L'art. 77 D.Lgs. 81/08 disciplina in modo analitico gli obblighi del datore di lavoro in materia di dispositivi di protezione individuale. Il comma 1 costituisce il nucleo centrale della norma e impone al datore una serie di adempimenti distinti e tutti penalmente presidiati:

  1. Fornitura di DPI idonei ai rischi(lett. a): il datore deve mettere a disposizione DPI adeguati ai rischi specifici individuati nella valutazione dei rischi (DVR), tenendo conto delle condizioni esistenti nel luogo di lavoro. L'idoneità non è una valutazione generica ma deve essere specifica per ogni mansione, fase lavorativa e contesto ambientale. Un DPI generico non calibrato sul rischio concreto non soddisfa l'obbligo.
  2. Conformità alla normativa vigente(lett. b): i DPI devono essere conformi alle disposizioni del D.Lgs. 475/92 e alle norme tecniche armonizzate di riferimento, con marcatura CE che attesti il superamento delle procedure di certificazione previste.

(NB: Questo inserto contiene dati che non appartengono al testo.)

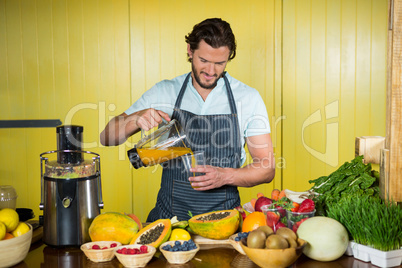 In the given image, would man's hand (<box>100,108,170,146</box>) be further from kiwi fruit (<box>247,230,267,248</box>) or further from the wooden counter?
kiwi fruit (<box>247,230,267,248</box>)

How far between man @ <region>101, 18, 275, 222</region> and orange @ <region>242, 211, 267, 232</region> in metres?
0.82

La fornitura di DPI non conformi o privi di marcatura CE integra essa stessa una violazione dell'art. 77 c. 1.
  3. Manutenzione e sostituzione (c. 3): il datore deve assicurare che i DPI siano mantenuti in buono stato di funzionamento e igiene mediante manutenzione, riparazione e sostituzione necessarie. I DPI deteriorati o scaduti devono essere ritirati e sostituiti: la loro permanenza in uso configura una violazione assimilata alla mancata consegna.
  4. Formazione e addestramento specifico(c. 4): il datore deve assicurare che i lavoratori ricevano formazione adeguata e, se necessario, addestramento pratico sull'uso corretto dei DPI. Per i DPI di terza categoria (protezione da rischi mortali o di lesioni gravi irreversibili) l'addestramento specifico è obbligatorio per legge.

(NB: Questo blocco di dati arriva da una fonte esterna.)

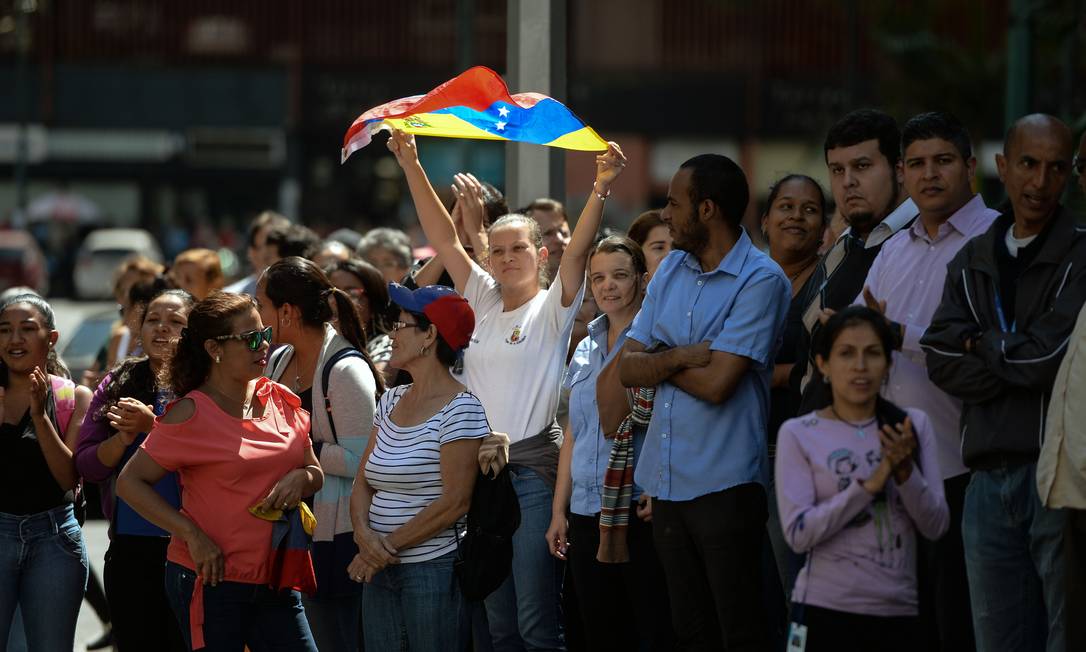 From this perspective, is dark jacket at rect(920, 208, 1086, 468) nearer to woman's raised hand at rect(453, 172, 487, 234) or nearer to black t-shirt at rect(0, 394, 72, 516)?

La struttura della norma evidenzia che l'obbligo del datore non si esaurisce nella consegna fisica del dispositivo: comprende la selezione, la verifica di conformità, la manutenzione e la formazione. Ogni segmento di questo obbligo è autonomamente sanzionato dall'art. 87 c. 2 lett. c D.Lgs. 81/08.

Orientamento della Cassazione Penale 2020-2026

La Cassazione penale Sez. IV ha elaborato nel periodo 2020-2026 un orientamento particolarmente rigoroso in materia di responsabilità del datore per mancata consegna dei DPI, fondato su due principi distinti che si integrano reciprocamente.

Il primo principio riguarda il carattere assoluto dell'obbligo di fornitura: il datore di lavoro non può invocare come esimente né il comportamento del lavoratore (che non avrebbe comunque indossato i DPI), né le difficoltà organizzative, né la brevità della lavorazione. L'art. 77 c. 1 D.Lgs. 81/08 è una norma di prevenzione strutturale che non contempla deroghe in ragione delle circostanze concrete: ogni volta che il DVR identifica un rischio che richiede l'utilizzo di DPI, il datore ha l'obbligo assoluto di fornirli prima che la lavorazione abbia inizio.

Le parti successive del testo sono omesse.